As every schoolboy knows — well, no, they don’t, but I’ve always wanted to begin a paragraph with that — Armistice Day commemorates the cessation of the Great War, so inaccurately dubbed the War to End All Wars by Woodrow Wilson, on November 11, 1918.
Armistice Day in these United States was established by Congressional resolution in 1926, as a day of ‘thanksgiving and prayer and exercises designed to perpetuate peace through good will and mutual understanding between nations.’ It was elevated to a national holiday in 1938, when perpetuating peace still seemed like a good idea to many members of Congress. Sixteen years and two wars later, this occasion for somber and pacific reflection was restyled ‘Veterans Day.’
After all, groused the American Legion and the Veterans of Foreign Wars, the two major vets’ organizations, World War One was ancient history, and millions of American men in the prime of their voting lives were veterans of the Second World War and the (undeclared) carnage in Korea. Didn’t they deserve a holiday? Not a single member of Congress objected to the appellative shift.
The 1954 name change was no mere cosmetic touch. Armistice Day, with its emphasis on peace and good will and solemn remembrance, had been replaced by a day to honor those who have worn the uniform of the United States armed forces. It was a celebration not of peace but of the military.
The US Chamber of Commerce and the travel industry, ever eager to pry open American wallets, further shook loose the day from its moorings when they persuaded Congress to pass the Uniform Holiday Act of 1968. This legislative atrocity uprooted Veterans Day, as well as Memorial Day, Columbus Day, and Washington’s Birthday, from their traditional dates of observance and moved them to that day of the week which, as the Mamas and Papas wisely warned, cannot be trusted. Over the surprisingly feeble objections of the American Legion and the VFW, Veterans Day was reposted to the fourth Monday in October.

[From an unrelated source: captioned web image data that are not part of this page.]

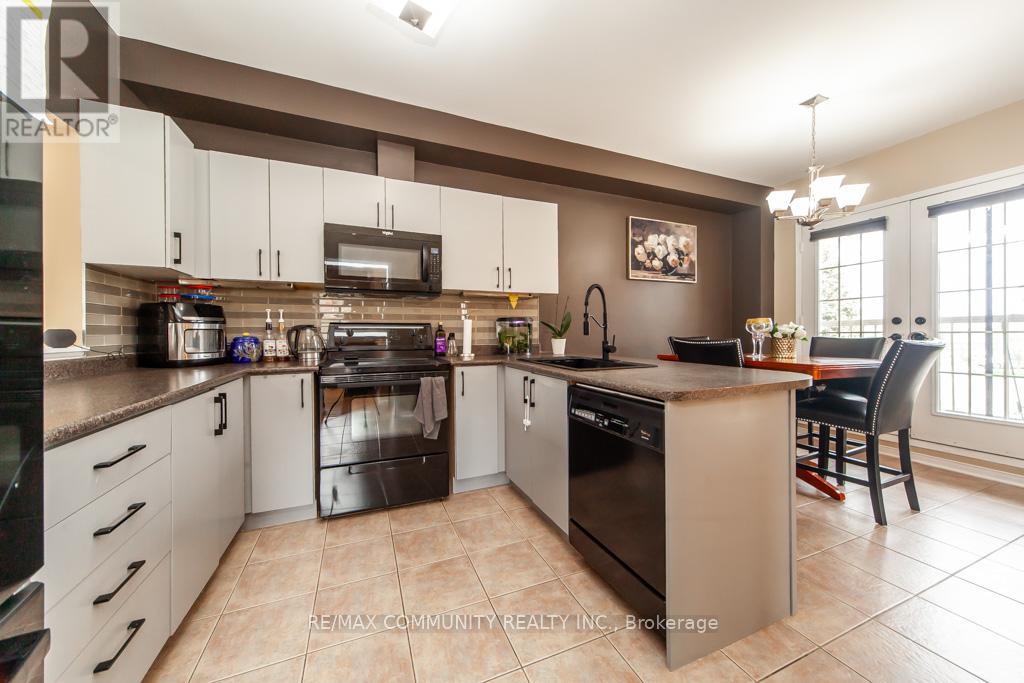 17 - 575 Steeple Hill, Pickering, Ontario  L1V 5Z2 - Photo 9 - E12123622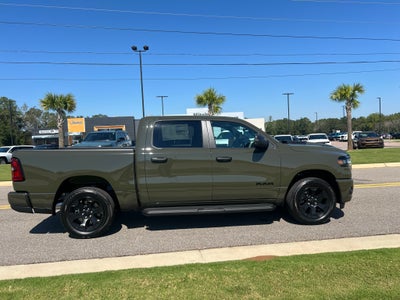 2027 RAM 1500 RAM 1500 EXPRESS CREW CAB 4X4 5'7' BOX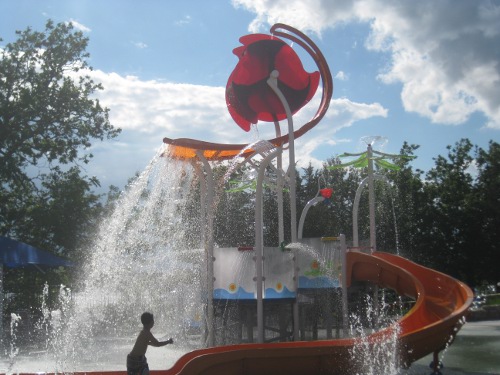 photo of the big tippy bucket wheel at Blue Heron Bay splash park at Independence Lake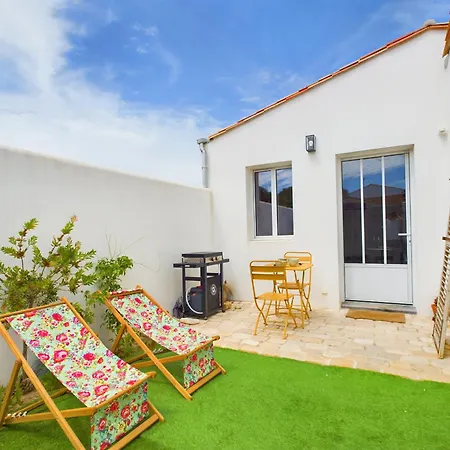 D'architecte Avec Piscine Chauffee Et Jardin *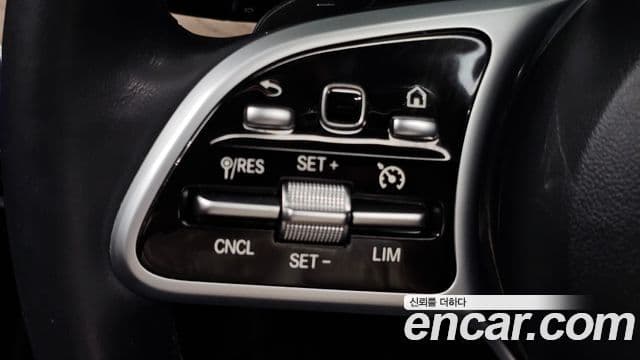 Mercedes-Benz E-Class 2019 — ფოტო 14/20
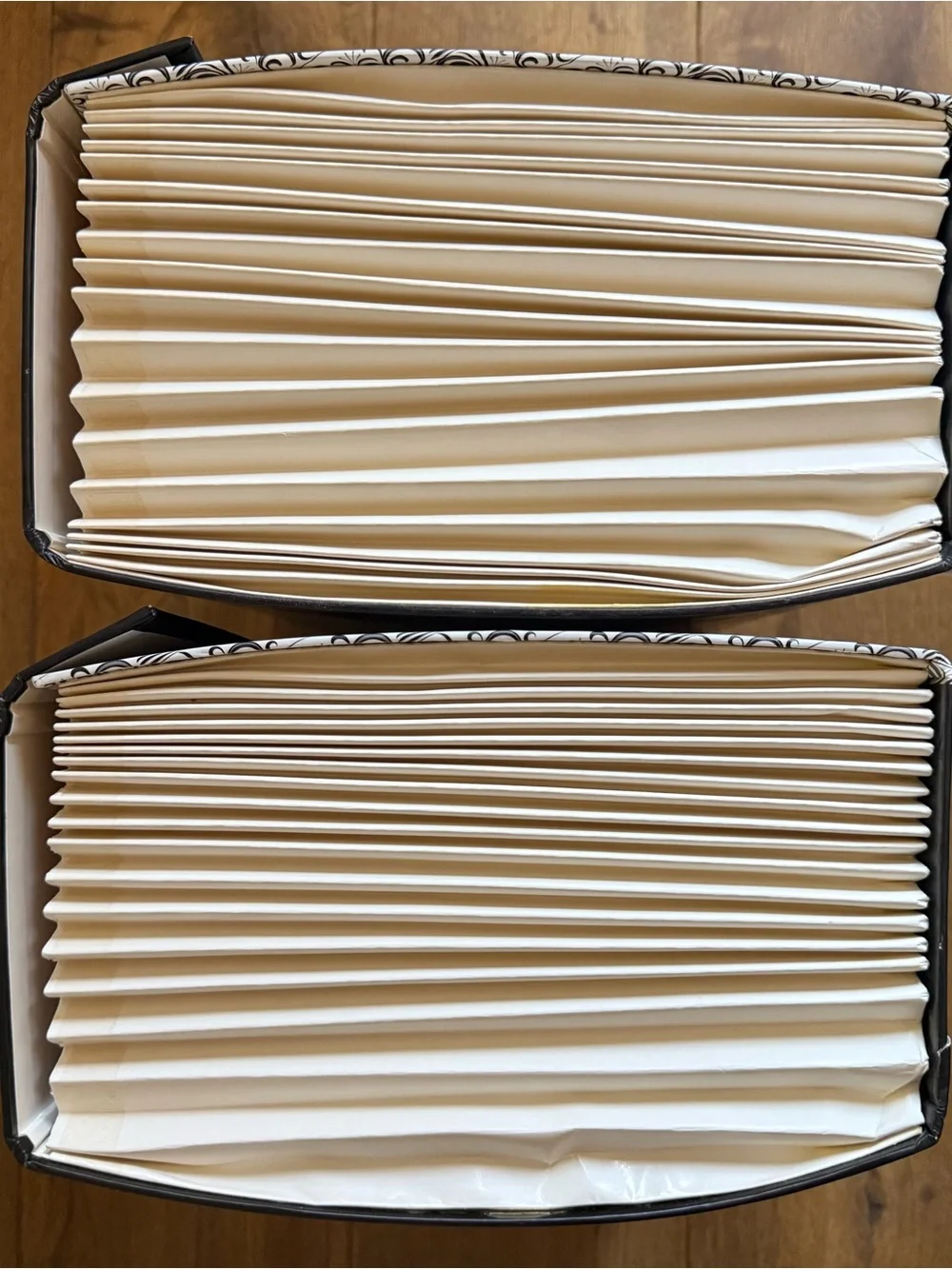 19 Pocket Expanding File Folder Accordion File Organizer, 1400 Sheet Capacity x2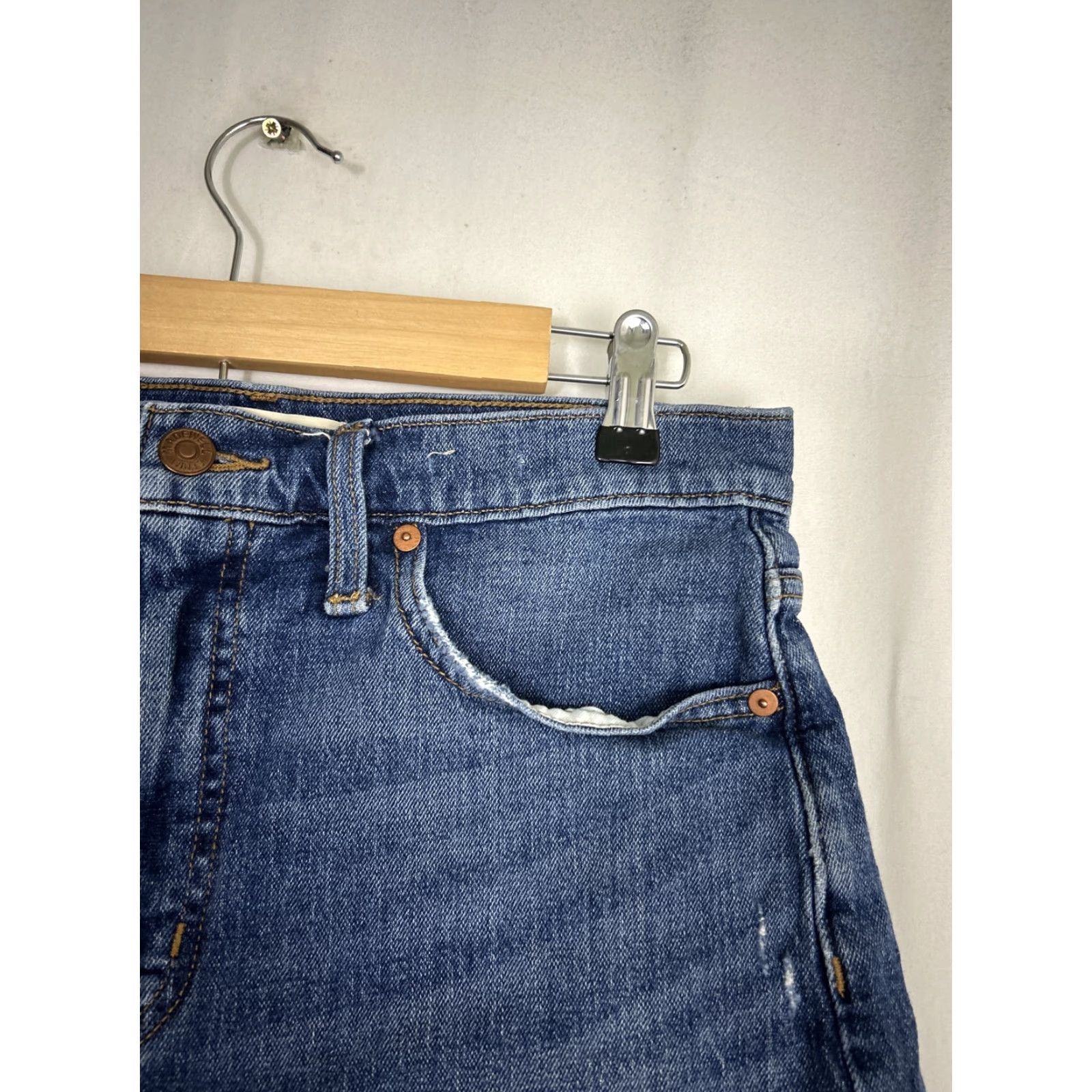 Madewell Madewell Shorts Women 29 High-Rise Cut-Off Blue Denim Medium Wash 30x5 Size 29" - 4 Thumbnail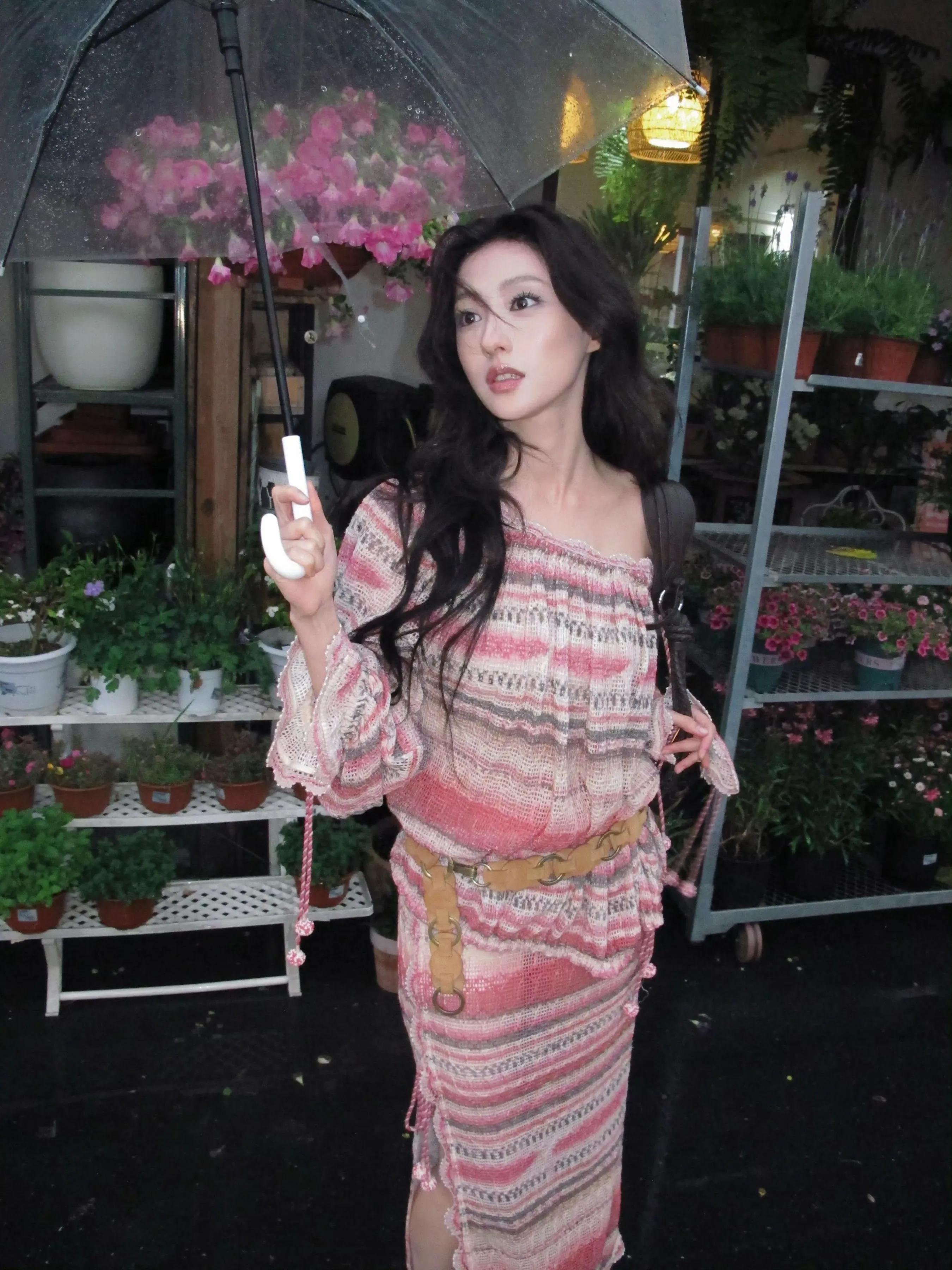 胡连馨，糟糕，被美迷晕惹。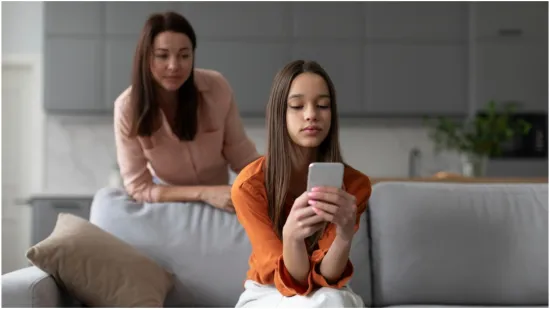 Psihologinja o pretjeranom nadzoru roditelja: 'Dijete treba učiti, ali i pogrije&scaron;iti'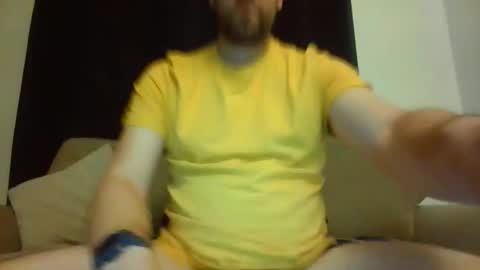 britguy6985 online show from 04-11-26, 07:07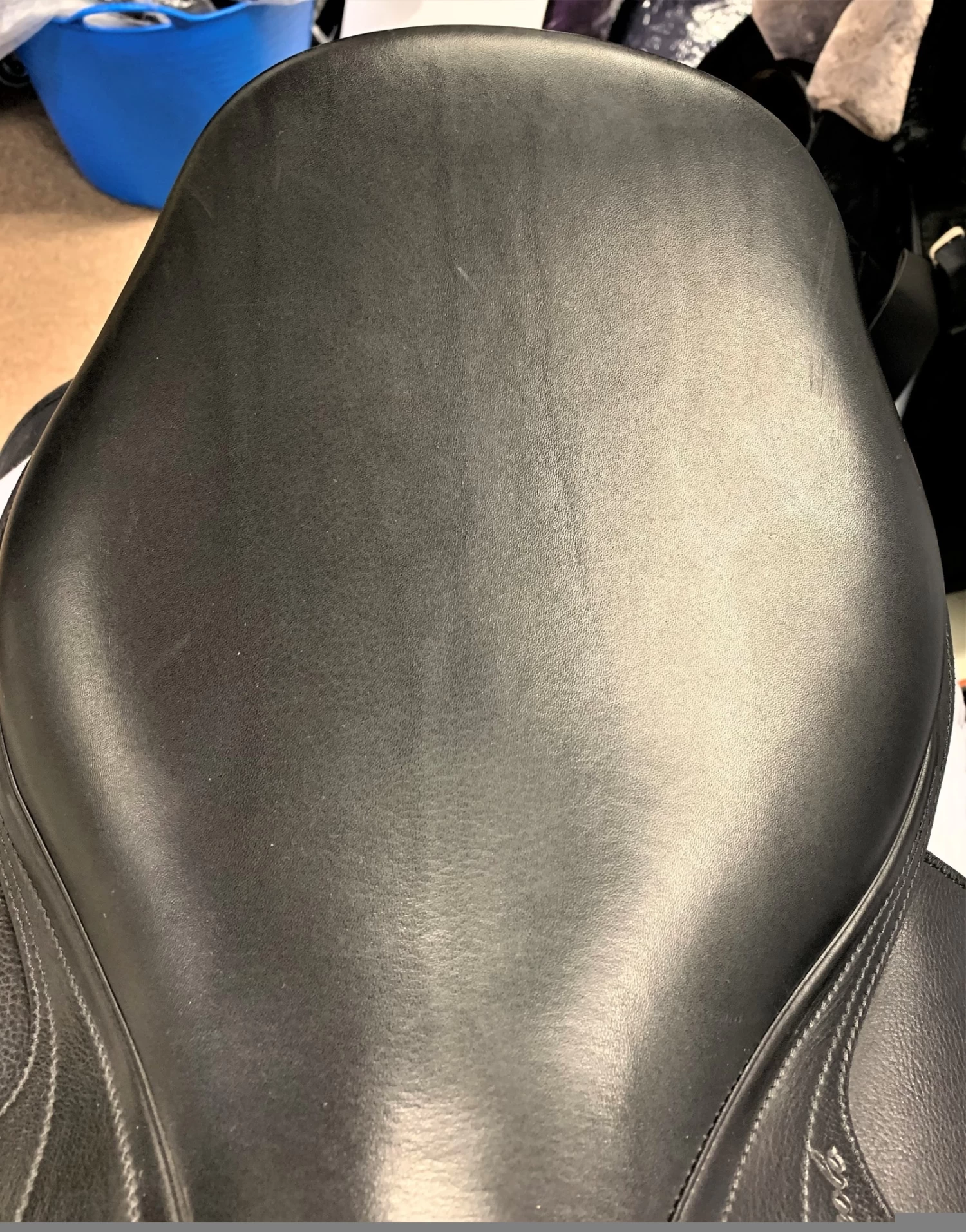 Amerigo Close Contact Flat Seat Dressage Saddle 17 " XW Black Ex Demo 2 Amerigo Close Contact Flat Seat Dressage Saddle 17 " XW Black Ex Demo - Image 2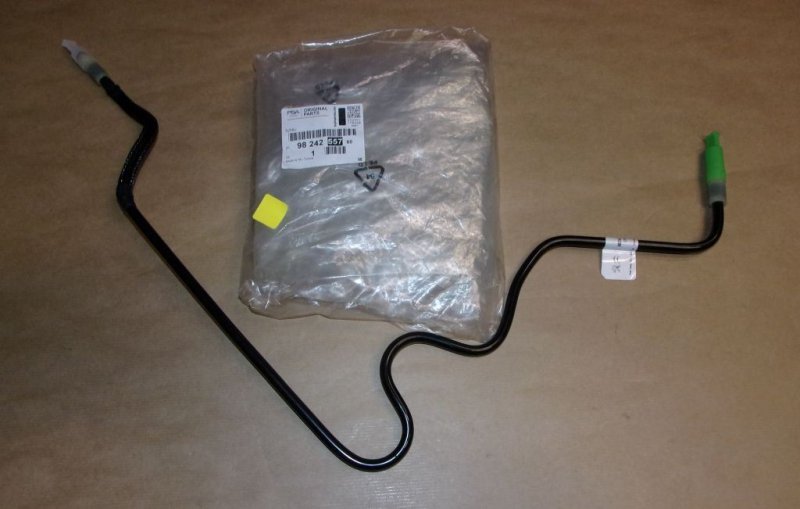 Conduite d'émetteur d'embrayage Peugeot 208 II 1.5 HDI, 9824255780, 9824255780,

The debate over the 1968 act featured an attempt by Illinois Republican Rep. Edward Derwinski to rename Columbus Day ‘Discoverers of America Day’, so as to include Jan z Kolna, a late 15th-century Polish navigator who had, according to imaginative ethnic cartographers, preceded Columbus in bumping into the New World. Incorporating Kolna, whose existence, not to mention voyage, is a matter of contention, would ‘put an end to the Polish jokes which have swept the country,’ said Derwinski, whose capacity for screwing in a lightbulb I shall forbear mentioning.
The Uniform Holiday Act was crassly commercial, though cosponsor Robert McClory (R-IL) piously predicted that families would use the three-day weekends to visit ‘famed battlegrounds and monuments,’ presumably including the Tomb of the Unknown Shopper.
Reactionary opponents got off all the best lines, as reactionaries always do. Georgia Republican Fletcher Thompson offered an amendment to redub New Year’s Day ‘Uniform Holiday No. 1,’ Washington’s Birthday ‘Uniform Holiday No. 2,’ and so on.
The immortal Iowa curmudgeon H.R. Gross mockingly proposed to move Christmas to a Monday, but the reductio ad absurdum seemed like a good idea to some. Sen. George Smathers (D-FL), best known as JFK’s wingman and lapper-up of Camelot’s sloppy seconds, seriously proposed to move Thanksgiving and the Fourth of July to Mondays too.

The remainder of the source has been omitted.